Angela Hutchinson Hammer: Arizona’s Pioneer Newspaperwoman, published by the University of Arizona Press, has been named one of four finalists in the ONEBOOKAZ 2012 competition. This annual competition, sponsored by the Arizona State Library, Archives, and Public Records, encourages communities across the State of Arizona to read the same book at the same time and participate in discussions and programs centered around that book.
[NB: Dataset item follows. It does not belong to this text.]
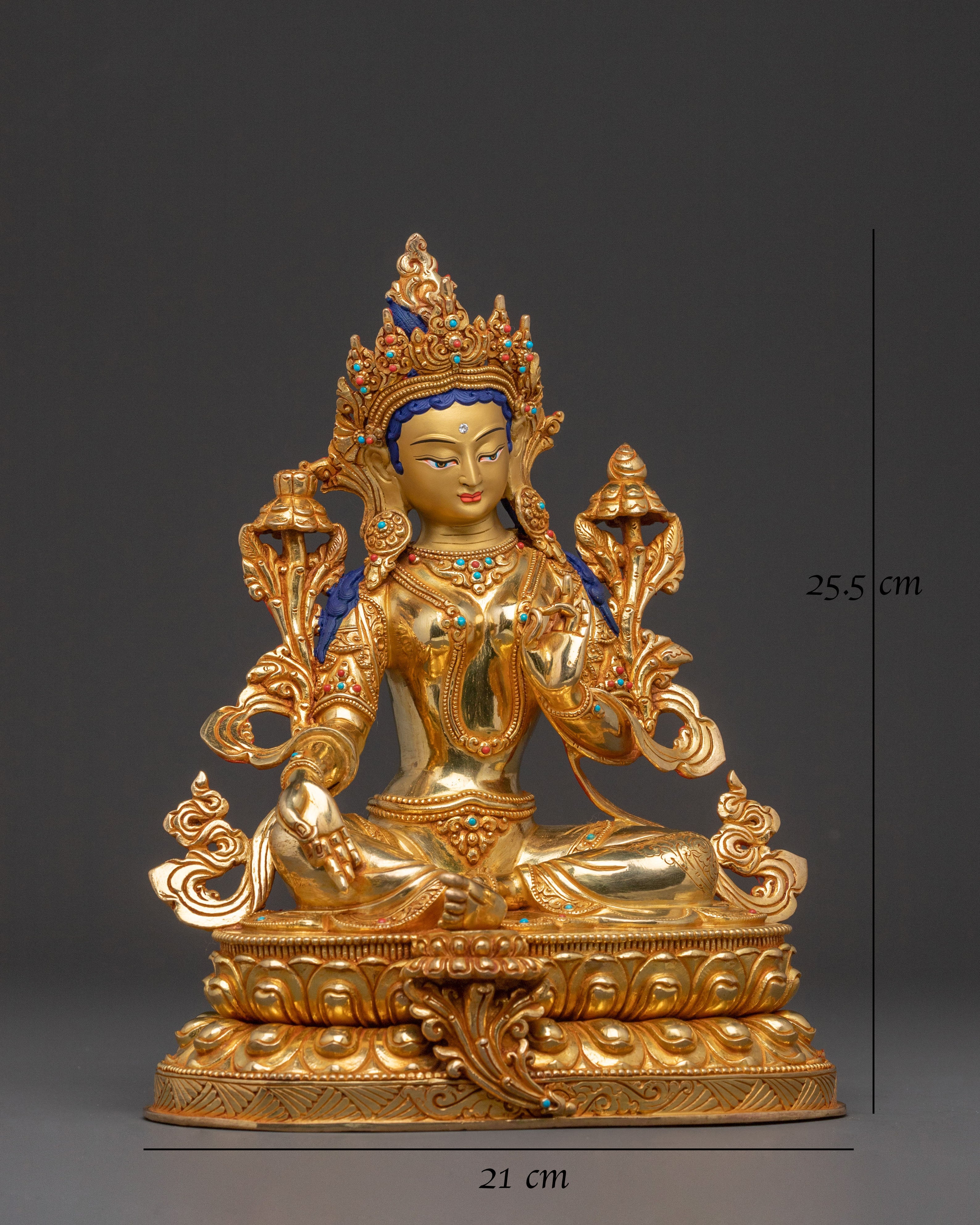 Handcrafted Green Tara Goddess Statue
Published in 2005, Angela Hutchinson Hammer tells the story of a true daughter of the West — a larger than life figure who crusaded against the commonly held belief that women belonged at home darning socks, not running a newspaper. Her decades-long involvement in Arizona’s newspaper industry took her from typesetting and proofreading in Phoenix to establishing a chain of newspapers in towns across the state, including the Wickenburg Miner and the Casa Grande Bulletin.
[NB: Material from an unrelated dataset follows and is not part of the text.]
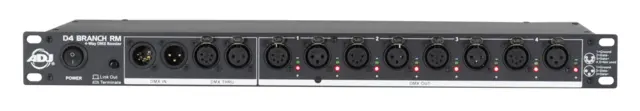 ADJ D4 Branch RM DMX splitter 4 isolerte uttak 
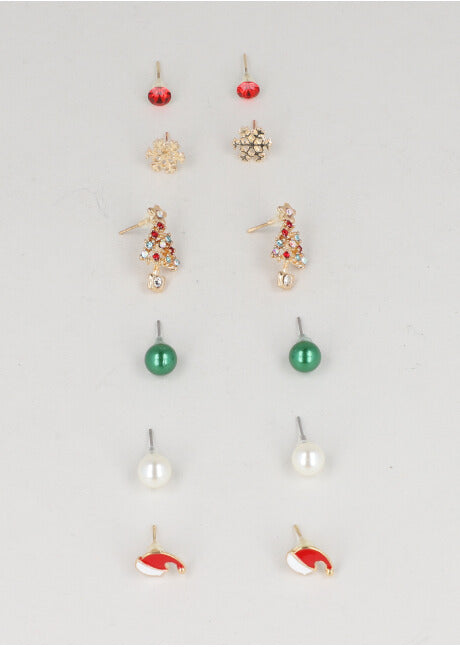 6 Pr Aretes Arbolito Navidad ORO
The author, Hammer’s granddaughter Betty Hammer Joy, weaves together the lively story of her grandmother’s life drawing upon Angela’s prodigious writing and correspondence, newspaper archives, and the recollections of family members. The book recounts the stories Angela told of growing up in mining camps, teaching in territorial schools, courtship, marriage, and a twenty-eight-year career in publishing and printing.

“As a teacher,” Betty Hammer Joy writes in the Preface, “I discovered that many students seemed to think that Arizona’s pioneers were only lawmen, outlaws, ranchers, miners, or women who stayed home to have babies. How often I had wished for lively, readable stories of the accomplishments of our early women.”

In her lifetime, Angela Hammer raised three sons, ran for public office before women in the nation had the right to vote, served as Immigration Commissioner in Pinal County, homesteaded, and matured into an activist for water conservation. After Angela’s death in 1952 the newspaper industry paid tribute to this courageous woman by selecting her as the first woman to enter the Arizona Newspaper Hall of Fame. In 1983 she was honored posthumously with another award for women who contributed to Arizona’s progress—induction into the Arizona Women’s Hall of Fame.